In the entries below, find the line with "Czech Glass Smooth" and the line with "Women's Fur Womens"; copy them and every line between them exactly, but not the pictures.

Short text fragments from websites:
*** Block opens ***

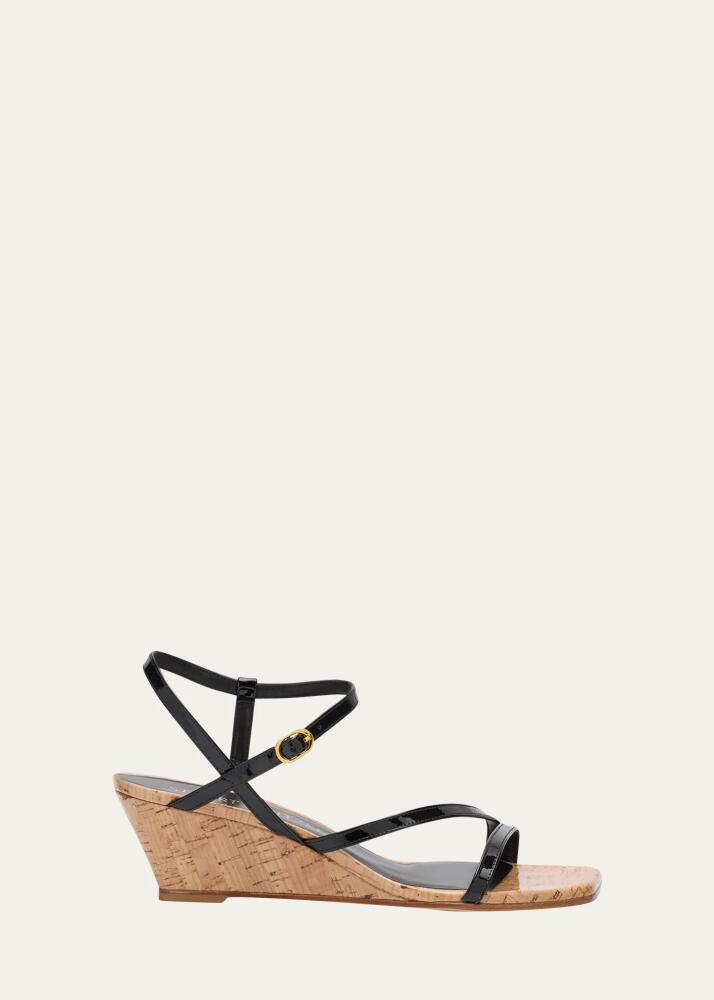 Stuart Weitzman Oasis Patent Ankle-Strap Wedge Sandals Cover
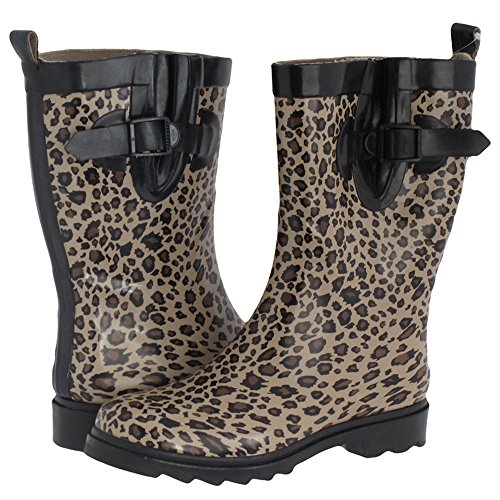 Capelli New York Shiny Baby Leopard Printed Ladies Short Sporty Body Rubber Rain Boot Grey Combo 10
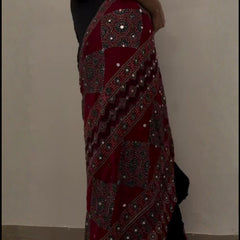 Mahira Red Ajrakh Saree along real mirrors with unstitched blouse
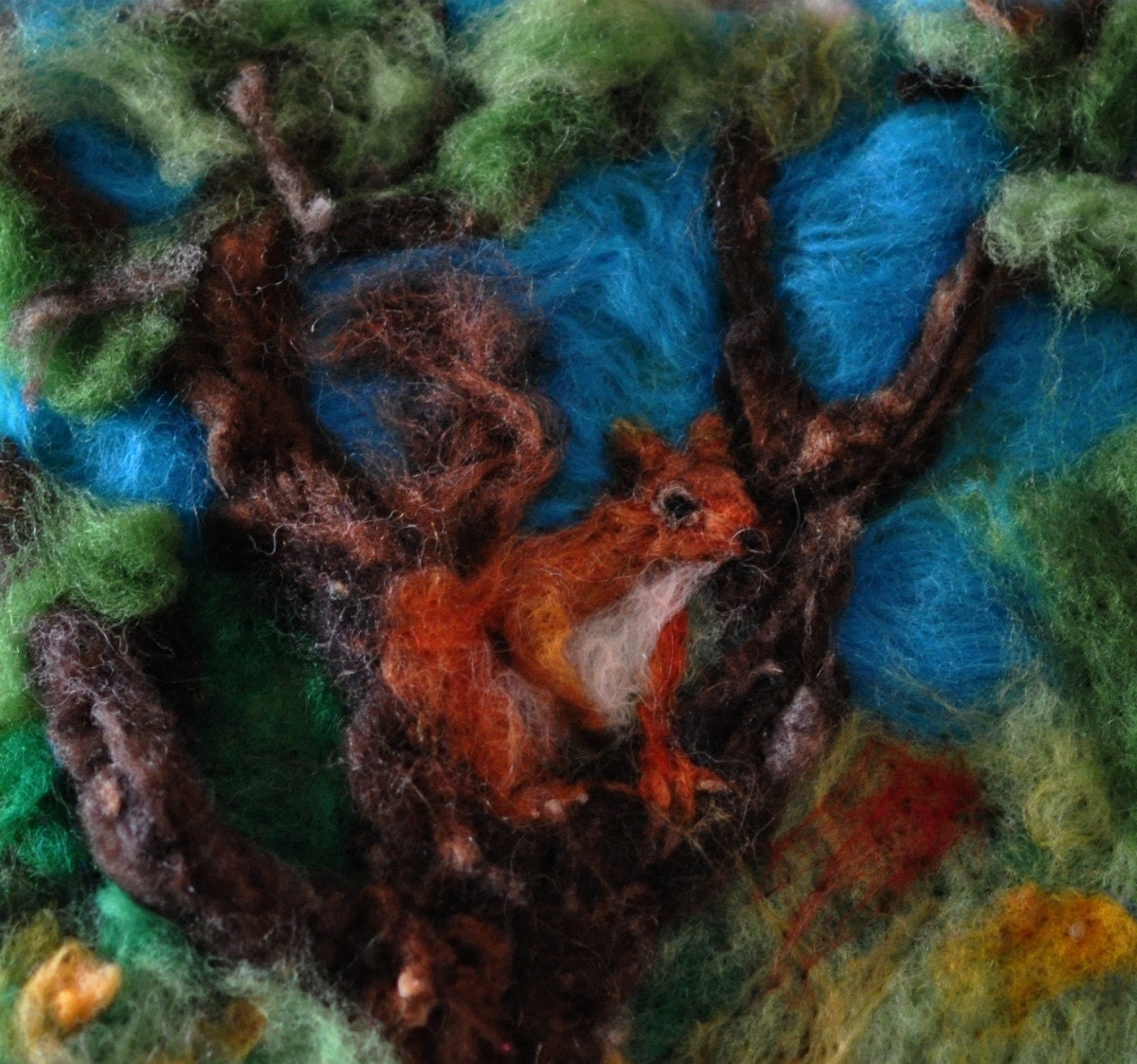 Needle Felted Wool Tapestry - The forest children N5-Elsa Beskow and Waldorf Inspired-needle felt by Daria Lvovsky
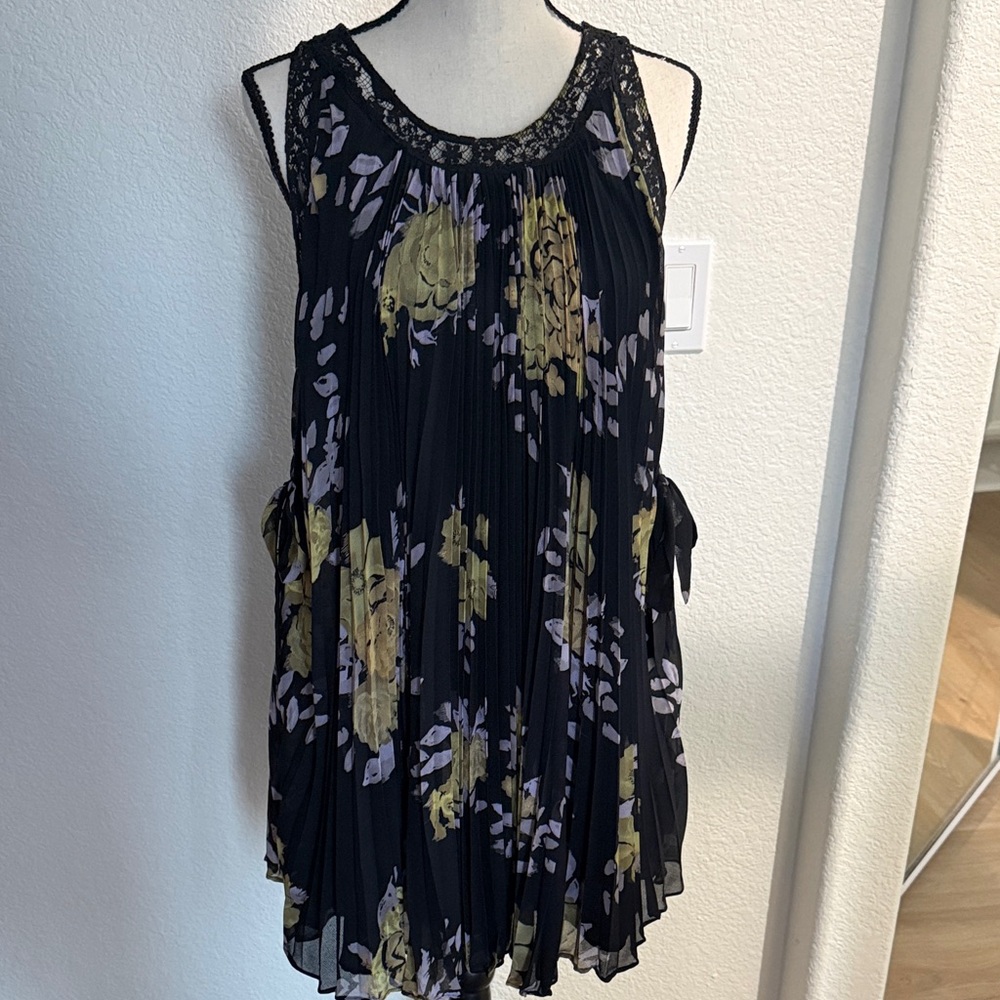 Free People Black and Yellow Floral Dress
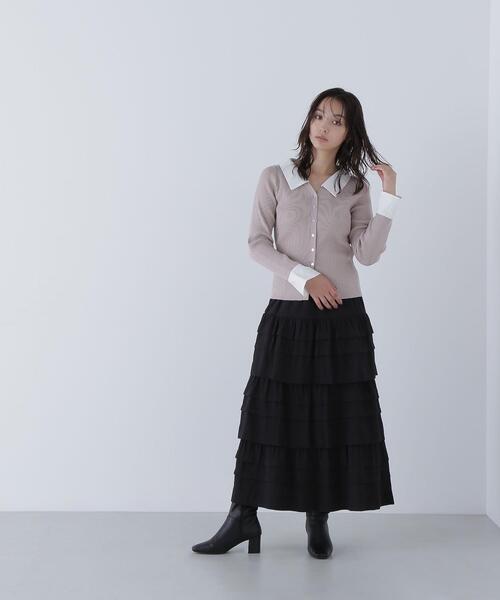 NATURAL BEAUTY BASIC（ナチュラルビューティーベーシック）の「◇ミルフィーユティアードスカート（スカート・レディース・ブラウン/ブラック・MEDIUM/P/S）」の15枚目の写真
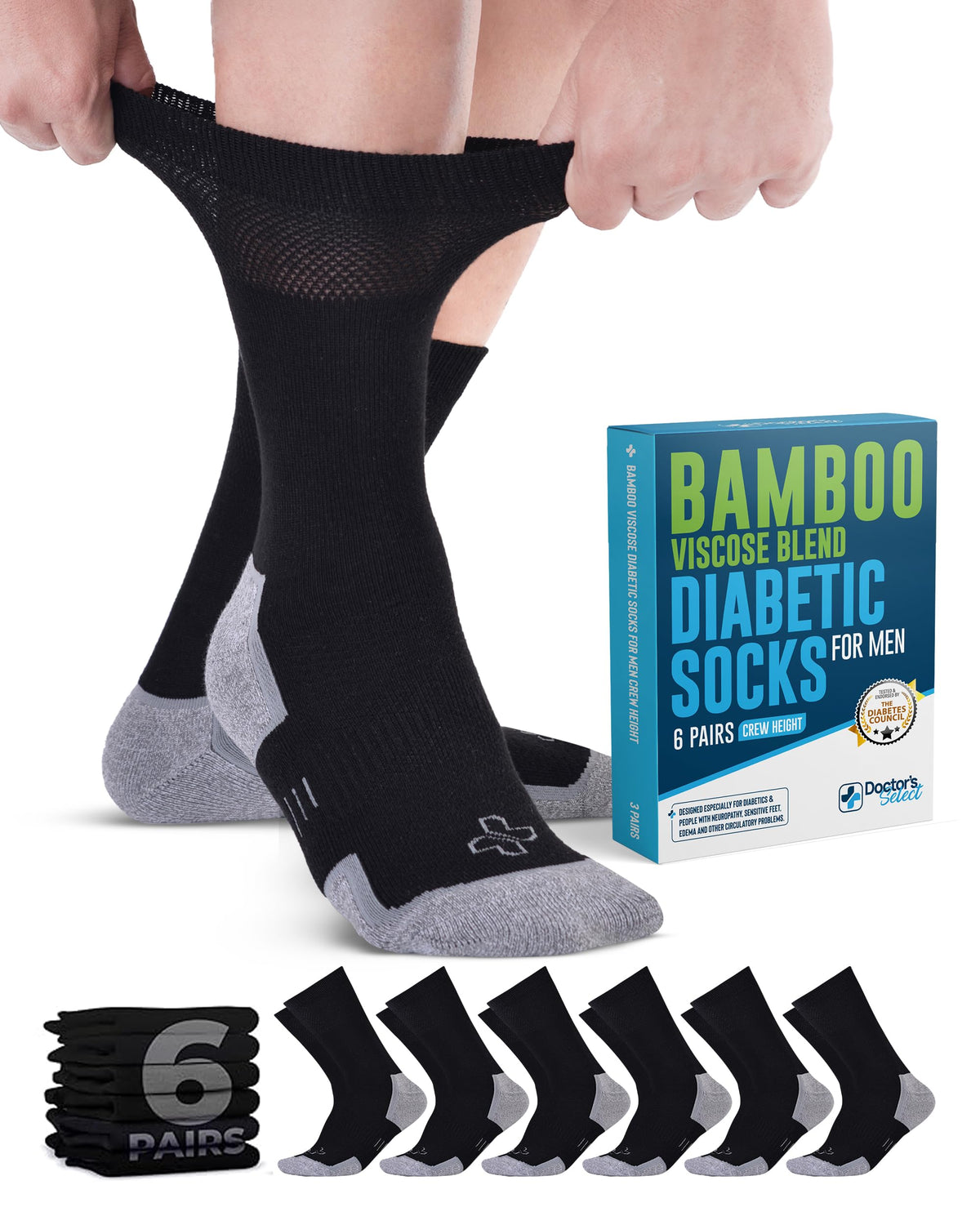 Doctor's Select empaque frontal negro mostrando seis pares y ventaja de confort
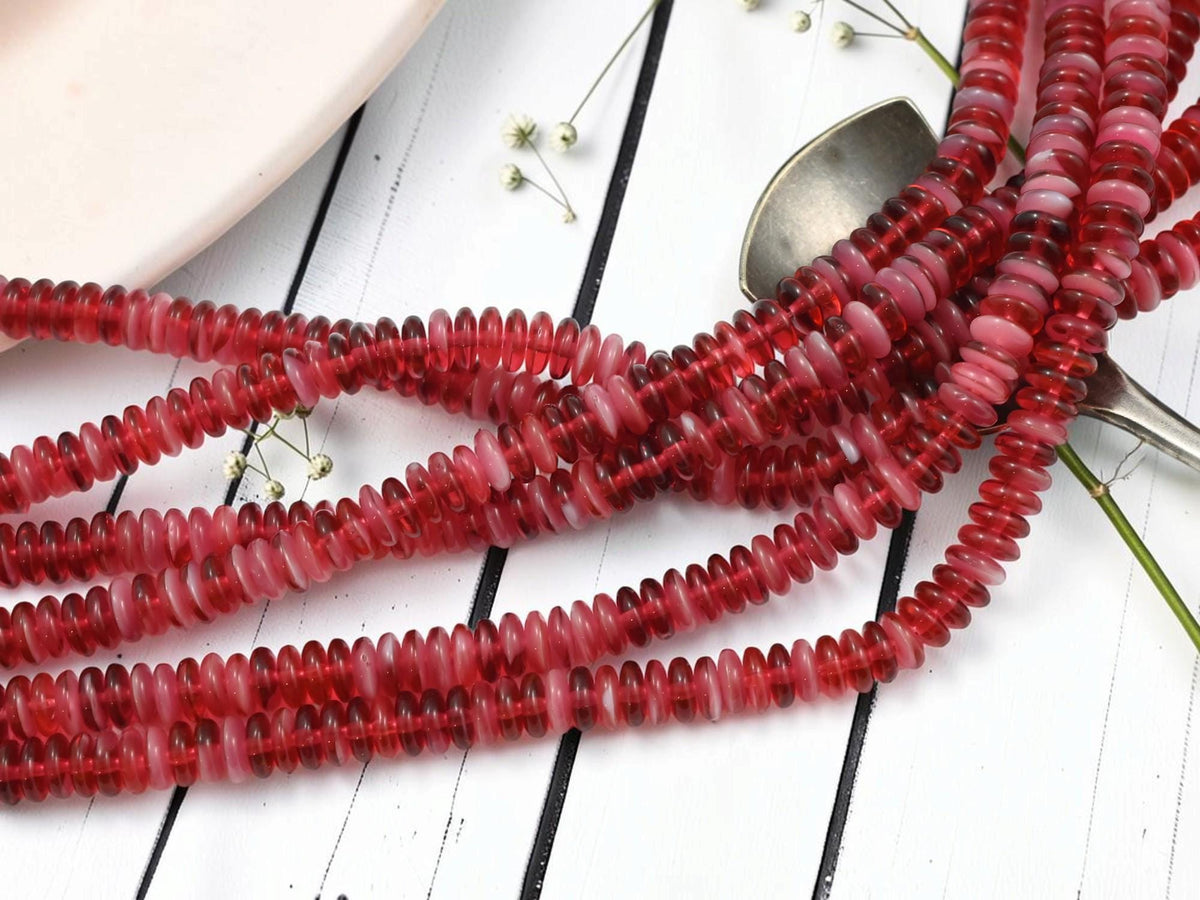 Czech Glass Smooth Disc Rondelle Beads - Cranberry Cream - 6x2mm - 8 inch Strand - (1647)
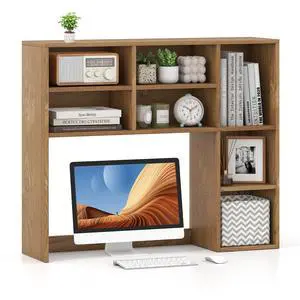 Wooden Desktop Bookshelf, Countertop Desk Hutch w/ 7 Cubes & Adjustable Shelves, Anti-toppling Kits, Table Top Organizer Shelf Fits Monitors up to 27 for Dorm, Office, Study (Natural) Wooden Desktop Bookshelf, Countertop Desk Hutch w/ 7 Cubes & Adjustable Shelves, Anti-toppling Kits, Table Top Organizer Shelf Fits Monitors up to 27 for Dorm, Office, Study (Natural)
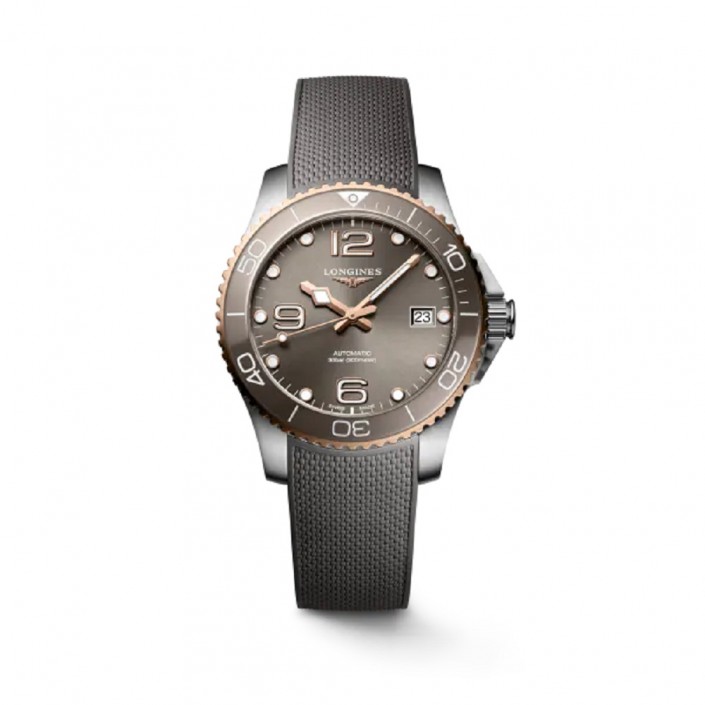 Rellotge acer & PVD or rosa cautxú Hydroconquest Longines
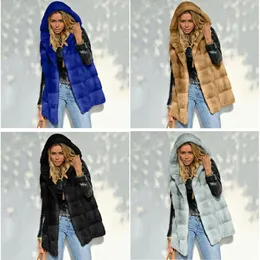 Women's Fur Womens Long Hooded Plush Coat Imitation Ladies Cardigan Vest Retail And Wholesale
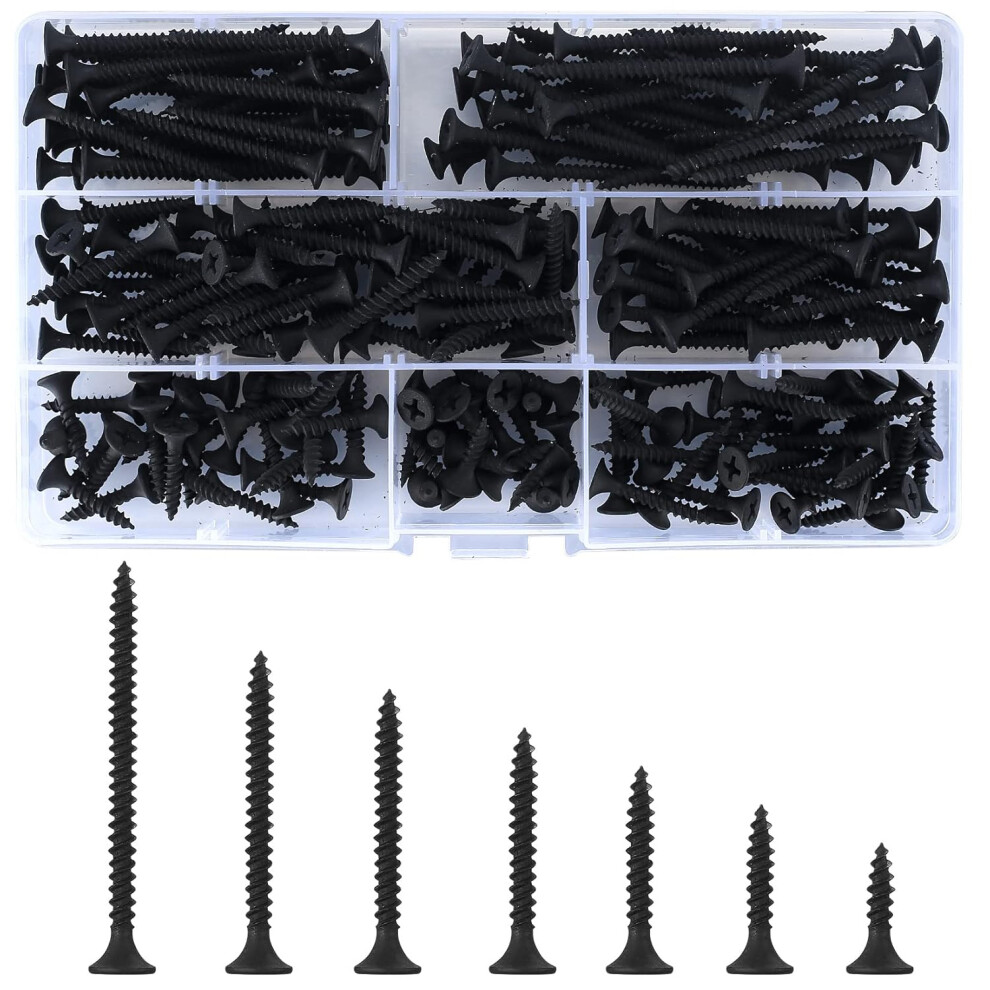 Essential Drywall Screws, Black Steel Coarse Thread With Sharp Point For Effortless Drilling, Phillips Drive Bugle Head For Your Home And Workshop 9004841703510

*** Block closes ***

**Result**:
 Czech Glass Smooth Disc Rondelle Beads - Cranberry Cream - 6x2mm - 8 inch Strand - (1647)
 Wooden Desktop Bookshelf, Countertop Desk Hutch w/ 7 Cubes & Adjustable Shelves, Anti-toppling Kits, Table Top Organizer Shelf Fits Monitors up to 27 for Dorm, Office, Study (Natural) Wooden Desktop Bookshelf, Countertop Desk Hutch w/ 7 Cubes & Adjustable Shelves, Anti-toppling Kits, Table Top Organizer Shelf Fits Monitors up to 27 for Dorm, Office, Study (Natural)
 Rellotge acer & PVD or rosa cautxú Hydroconquest Longines
 Women's Fur Womens Long Hooded Plush Coat Imitation Ladies Cardigan Vest Retail And Wholesale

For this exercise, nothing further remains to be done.